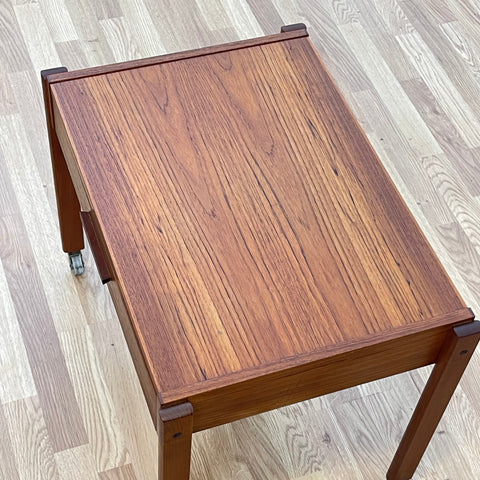 Danish teak side table with drawers on wheels, 1960s - Beyo Vintage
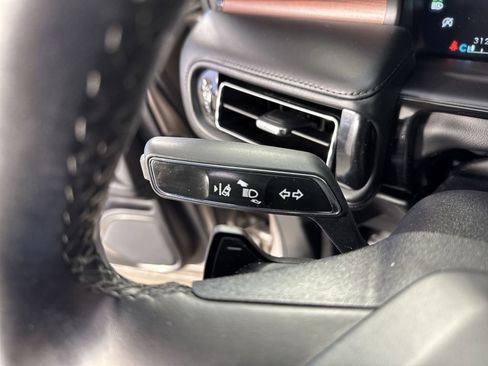 Used 2021 Lincoln Nautilus Reserve image 16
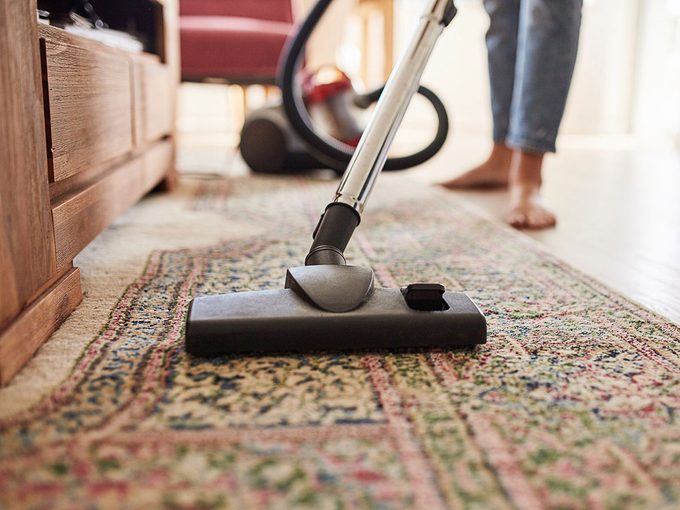 Traitement de l'asthme: nettoyer régulièrement les tapis et les conduits d’air.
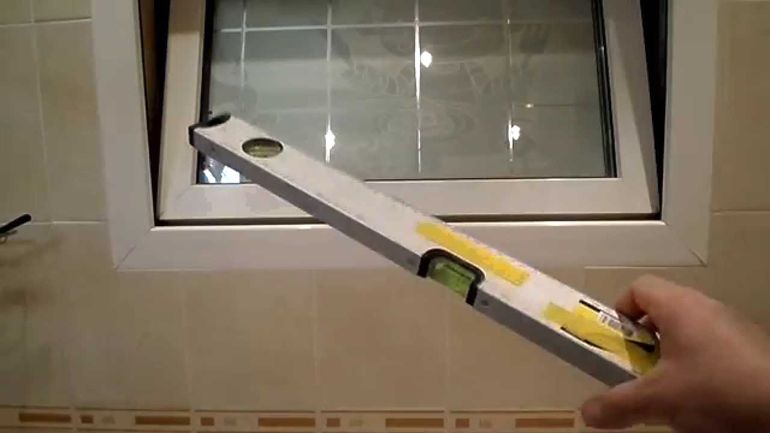 Как проверить пузырьковый уровень перед первым применением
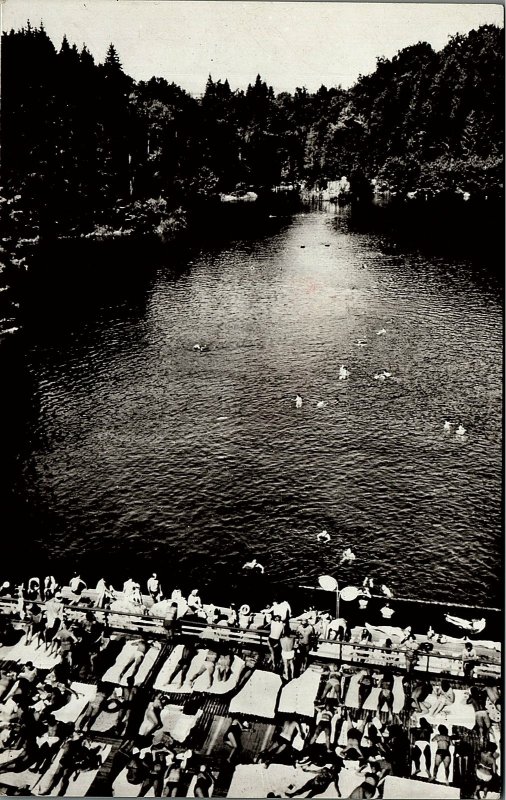 VINTAGE ROMNANIA SOVATA STRANDUL SWIMMING POOL REAL PHOTO POSTCARD 17-87 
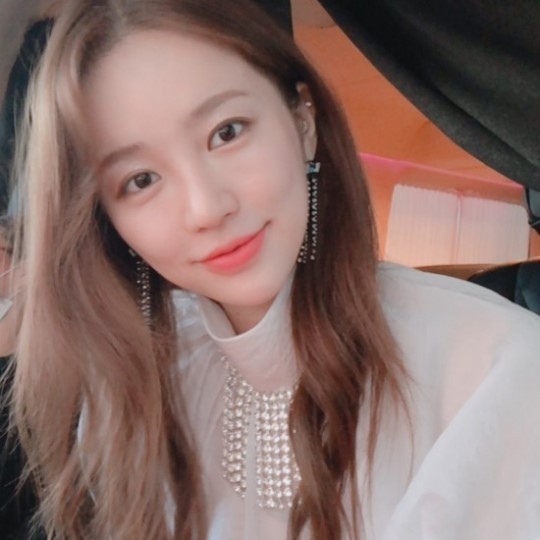 韩国女艺人尹恩惠sns公布新剧片场自拍照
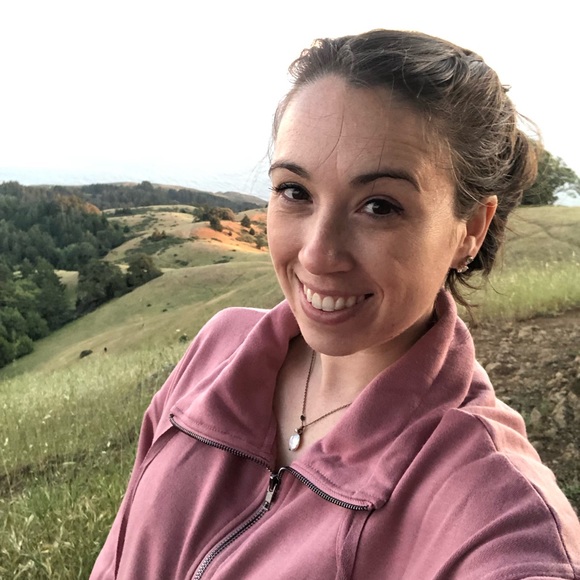 Meet your Posher, Nicole - Picture 2 of 2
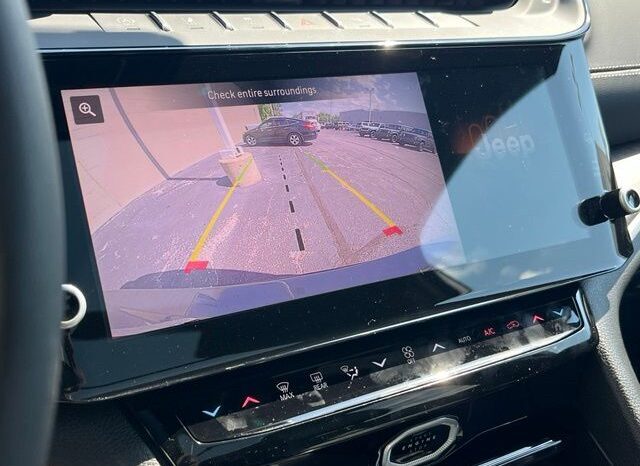 
								Jeep Grand Cherokee L full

▬▬▬

- _Problem details_
Wherever a picture appears in the records above, leave it out and transcribe everything else exactly.

- _Answer space_
 Danish teak side table with drawers on wheels, 1960s - Beyo Vintage
 Used 2021 Lincoln Nautilus Reserve image 16
 Traitement de l'asthme: nettoyer régulièrement les tapis et les conduits d’air.
 Как проверить пузырьковый уровень перед первым применением
 VINTAGE ROMNANIA SOVATA STRANDUL SWIMMING POOL REAL PHOTO POSTCARD 17-87 
 韩国女艺人尹恩惠sns公布新剧片场自拍照
 Meet your Posher, Nicole - Picture 2 of 2
								Jeep Grand Cherokee L full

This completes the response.